For many of us from immigrant backgrounds, the recent riots have brought back very unwelcome memories of times past, when blatant, in-your-face racial abuse was a daily reality across the UK. In my case, it led me to leaf through a manual I wrote with two colleagues over 30 years ago, “Essential Skills for Race Equality Trainers”, published by the National institute of Adult Continuing Education (which has now morphed into the Learning and Work Institute). We were determined to face up to the complexity of tackling racist ideas through structured training and “There are no simple answers” is a key theme.
Despite the complexity of the issue, one thing is clear, as the riots have reminded us. Racism can only be tackled by sustained, unrelenting action on several fronts; if we take our guard down and stop working actively against racism, it inevitably re-emerges. Like gardeners, we have to be constantly weeding, pruning, mowing, or the weeds and slugs of racist ideology will grow again.
Racism needs to be confronted on many fronts – economic, social, cultural, and through our criminal justice system. But in essence racism is a set of beliefs and attitudes based on misinformation; it’s something we learn, so it can be unlearned.
Education is therefore one of the most effective ways we can tackle racism in the long term. As the eminent neurologist Robert Sapolsky outlines in his brilliant book, “Behave” (Vintage 2017), we all have brains which can fall into Us versus Them thinking. One particular section of the brain, the amygdala, generates aggression, fear and rage, but these impulses can be contained and reduced by our rational capability, the frontal cortex, which is slow to mature – only fully developed in our mid-twenties – but strengthened through the mental discipline of education.

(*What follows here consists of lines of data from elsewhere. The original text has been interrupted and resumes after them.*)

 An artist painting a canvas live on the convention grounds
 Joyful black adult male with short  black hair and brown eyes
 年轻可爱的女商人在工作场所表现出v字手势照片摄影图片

From a lifelong learning perspective, this has a number of implications. Firstly, the more education the better. From primary to tertiary, there has to be a concerted effort, not just to expose the misconceptions on which racism is based, but to strengthen students’ ability to apply rational thinking to the issue. Education is not a cure-all, but if delivered well can provide a powerful antidote to unreasoning prejudice.
Secondly, we need to ensure that all those delivering adult learning are skilled and confident in tackling issues of race and prejudice, alongside other “isms”. I’m not sure if we’re doing enough to prepare teachers and trainers for the challenge of teaching groups that contain students who share the attitudes displayed so openly by the rioters.
And what about the rioters themselves? They are a motley crew – tilers, electricians, unemployed, retired, many with histories of petty crime, many of them drug users - but one fact stands out: they are overwhelmingly white males of working age. They are a sub-set of a social group that do worse in education than all others. In 2021/22 only 14.5% of white male applicants eligible for free school meals went into higher education, compared to 24.4% of white females and 47.8% of Asian males with a similar level of disadvantage. Working class males do worse than almost all other groups at every stage of education, and despite this issue being debated for years, little progress has been made in improving the situation.
It’s time to redouble our efforts to engage more White men with adult education opportunities. In addition to the beneficial effect of improving thinking skills, access to education and training will also develop skills to enable progress in work and improve earnings, lowering the sense of frustration and resentment of those trapped in low-paid, insecure jobs, which is a breeding ground for racism.
To do this requires a concerted effort in “left behind” local areas by providers empowered to operate flexibly on the ground. The new government’s plans for greater devolution of adult skills budgets to localities, combined with the DWP’s new strategic drive to get people back to work, are both promising signs.
There will probably always be a small minority within our society detached from the usual norms of legal and decent behaviour and wedded to some form of racist ideology, but it’s in all our interests to ensure this is a tiny and impotent minority.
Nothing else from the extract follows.